On Monday morning, February 25, Denise Ippolito and I will be co-leading a morning In-the-field Workshop at Fort DeSoto, south of St. Petersburg, FL. We should get to photograph a variety of very tame herons, egrets, gulls, terns, and shorebirds. Spoonbills possible. There will be lots of individual and small group instruction. We will cover exposure and histograms, seeing the situation, creating sharp images, and lots more. Each registrant will have a personalized gear and set-up check. The more questions you ask, the more you will learn.

A great working lunch at the Sea Porch Café on St. Petersburg Beach is included. All are invited to bring a laptop along for image sharing at lunch. After the workshop, all are invited to send us three 1024 wide or 800 tall JPEGs for critiquing. Call 1-863-692-0906 to register or send us a Paypal. Either way, be sure to note that the payment is for the Fort DeSoto In-the-Field Workshop.

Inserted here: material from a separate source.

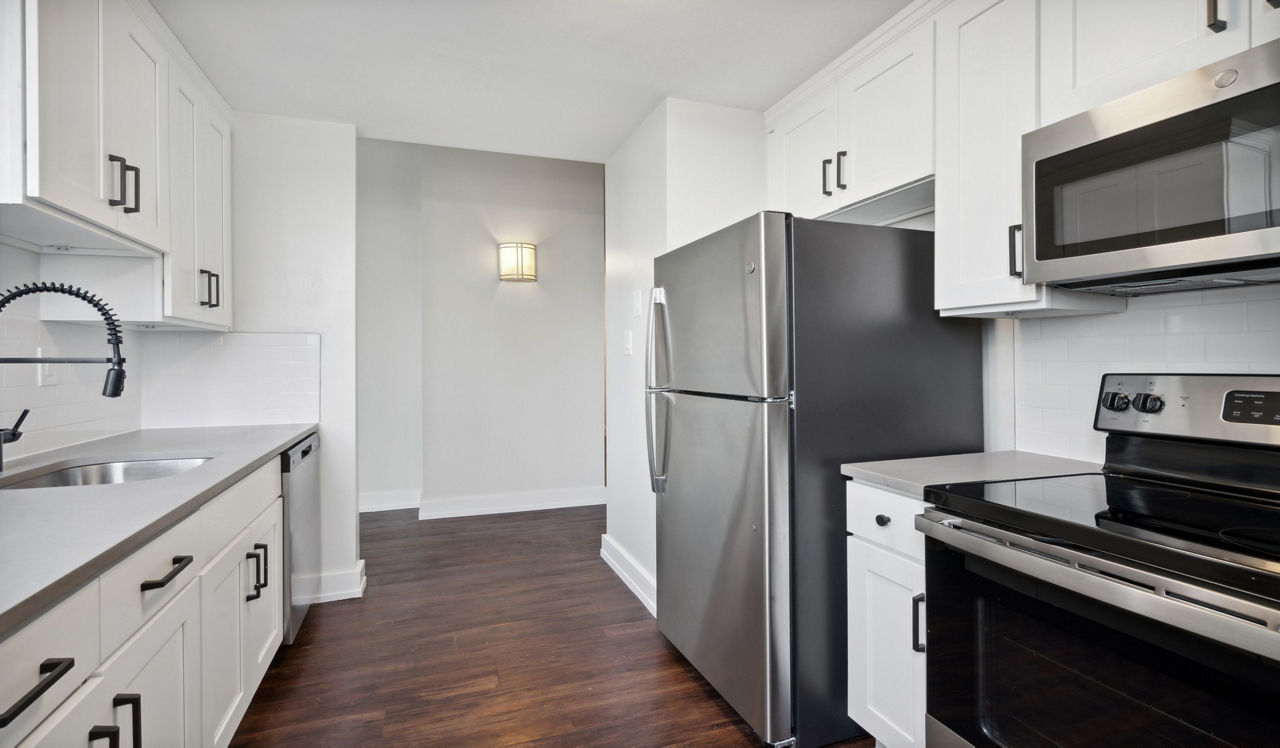 Left Bank - Philadelphia, PA - Kitchen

Weekend Creative Nature Photography Seminar, Tampa, FL: February 23 & 24, 2013: $149 Limit: 50/Openings: 4

Best to register soon as there are just 4 seats left. The In-the-field Workshop above follows the Weekend Creative Nature Photography Seminar. You are invited to join Denise Ippolito and me on the weekend of February 23-24 on the outskirts of Tampa, FL for a great weekend of fun and learning. Learn to improve your photography skills, your skill at designing images in the field, your creative vision, and your image optimization skills. Sunday critiquing session. Click here for additional details and the complete schedule.

Great Black-backed Gull head and shoulders portrait, from the January Barnegat Jetty IPT with the tripod-mounted Canon EF 800mm f/5.6L IS USM Autofocus lens, the Canon 1.4x EF Extender III (teleconverter), and the Canon EOS-1D X digital SLR . ISO 400. Evaluative metering -2/3 stop: 1/2000 sec. at f/8 in Manual mode.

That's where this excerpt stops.